Only the pictures are to be omitted; everything else in the listing must be reproduced exactly.

Start of Supplied data

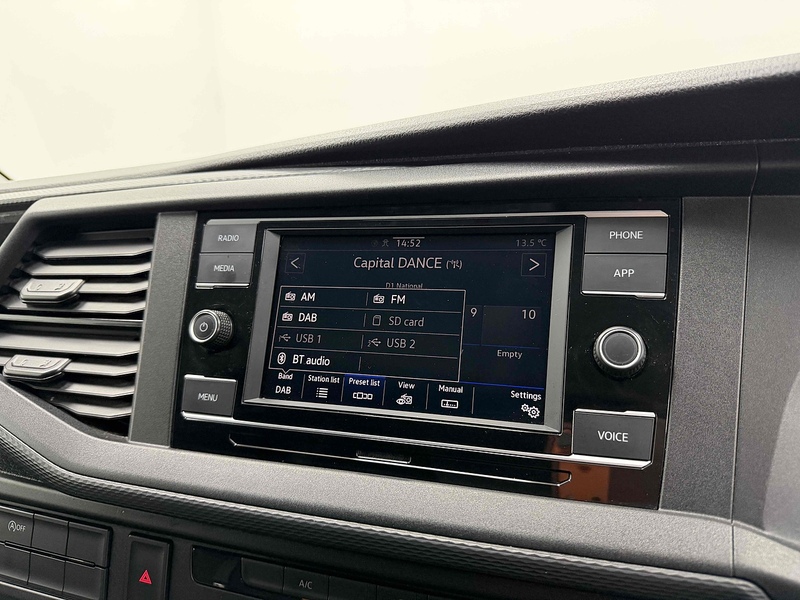 Volkswagen Transporter TDI T28 Startline - U2146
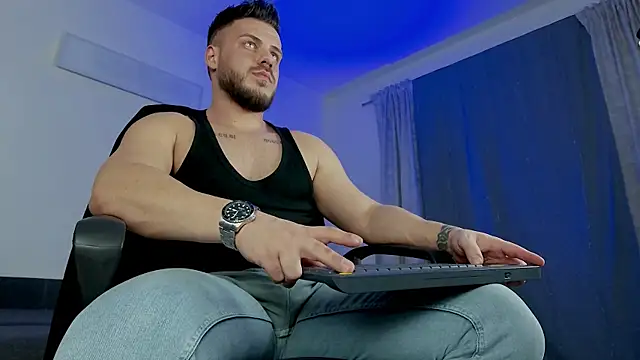 Snapshot of juliusmasters chatting on February 2025 08:13:02 PM juliusmasters online show from February 2025 08:13:02 PM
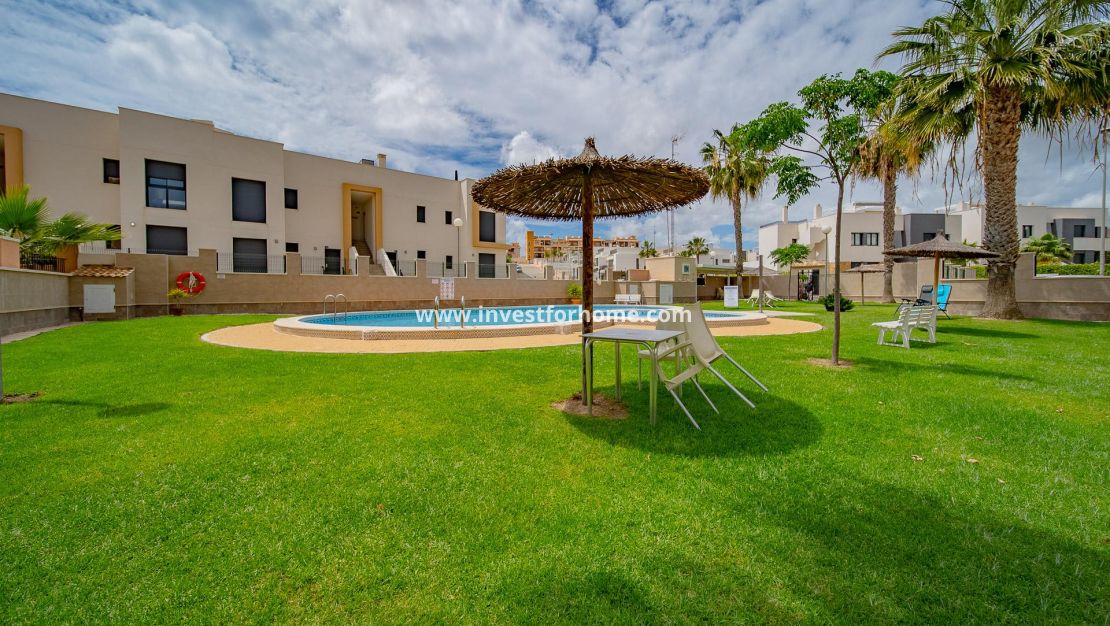 Försäljning - Hus - Orihuela Costa - Villamartin Pau 26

End of Supplied data

Answer for the task.
 Volkswagen Transporter TDI T28 Startline - U2146
 Snapshot of juliusmasters chatting on February 2025 08:13:02 PM juliusmasters online show from February 2025 08:13:02 PM
 Försäljning - Hus - Orihuela Costa - Villamartin Pau 26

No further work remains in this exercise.